(Caption-style text data)
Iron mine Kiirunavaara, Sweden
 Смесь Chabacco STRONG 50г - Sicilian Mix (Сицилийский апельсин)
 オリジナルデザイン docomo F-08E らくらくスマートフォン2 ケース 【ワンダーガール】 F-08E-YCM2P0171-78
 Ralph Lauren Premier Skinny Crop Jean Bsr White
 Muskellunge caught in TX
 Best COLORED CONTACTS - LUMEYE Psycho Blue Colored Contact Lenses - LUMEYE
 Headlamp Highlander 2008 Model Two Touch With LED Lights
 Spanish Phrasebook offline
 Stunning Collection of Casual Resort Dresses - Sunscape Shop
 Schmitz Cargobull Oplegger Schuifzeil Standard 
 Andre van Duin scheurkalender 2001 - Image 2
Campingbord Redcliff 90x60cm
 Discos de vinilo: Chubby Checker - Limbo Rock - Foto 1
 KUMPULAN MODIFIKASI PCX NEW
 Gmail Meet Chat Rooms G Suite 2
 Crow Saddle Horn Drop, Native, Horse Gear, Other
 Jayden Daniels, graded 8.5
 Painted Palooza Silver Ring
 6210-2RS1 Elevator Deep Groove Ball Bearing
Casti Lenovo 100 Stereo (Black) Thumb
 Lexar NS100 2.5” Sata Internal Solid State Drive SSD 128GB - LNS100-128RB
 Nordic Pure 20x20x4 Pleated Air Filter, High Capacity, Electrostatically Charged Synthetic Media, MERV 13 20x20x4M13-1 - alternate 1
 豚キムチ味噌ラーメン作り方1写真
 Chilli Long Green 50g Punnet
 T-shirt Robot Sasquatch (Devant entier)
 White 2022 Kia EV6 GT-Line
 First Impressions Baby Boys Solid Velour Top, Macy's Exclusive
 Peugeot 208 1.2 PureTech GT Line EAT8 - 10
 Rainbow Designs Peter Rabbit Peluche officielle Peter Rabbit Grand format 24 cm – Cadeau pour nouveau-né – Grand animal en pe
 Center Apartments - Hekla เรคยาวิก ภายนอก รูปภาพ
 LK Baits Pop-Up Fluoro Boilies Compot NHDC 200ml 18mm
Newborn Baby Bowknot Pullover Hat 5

EXERCISE GOAL => Output the records above exactly, from their first line through the line that contains "6210-2RS1 Elevator Deep Groove Ball Bearing", and add nothing.

EXPECTED ANSWER =>
Iron mine Kiirunavaara, Sweden
 Смесь Chabacco STRONG 50г - Sicilian Mix (Сицилийский апельсин)
 オリジナルデザイン docomo F-08E らくらくスマートフォン2 ケース 【ワンダーガール】 F-08E-YCM2P0171-78
 Ralph Lauren Premier Skinny Crop Jean Bsr White
 Muskellunge caught in TX
 Best COLORED CONTACTS - LUMEYE Psycho Blue Colored Contact Lenses - LUMEYE
 Headlamp Highlander 2008 Model Two Touch With LED Lights
 Spanish Phrasebook offline
 Stunning Collection of Casual Resort Dresses - Sunscape Shop
 Schmitz Cargobull Oplegger Schuifzeil Standard 
 Andre van Duin scheurkalender 2001 - Image 2
Campingbord Redcliff 90x60cm
 Discos de vinilo: Chubby Checker - Limbo Rock - Foto 1
 KUMPULAN MODIFIKASI PCX NEW
 Gmail Meet Chat Rooms G Suite 2
 Crow Saddle Horn Drop, Native, Horse Gear, Other
 Jayden Daniels, graded 8.5
 Painted Palooza Silver Ring
 6210-2RS1 Elevator Deep Groove Ball Bearing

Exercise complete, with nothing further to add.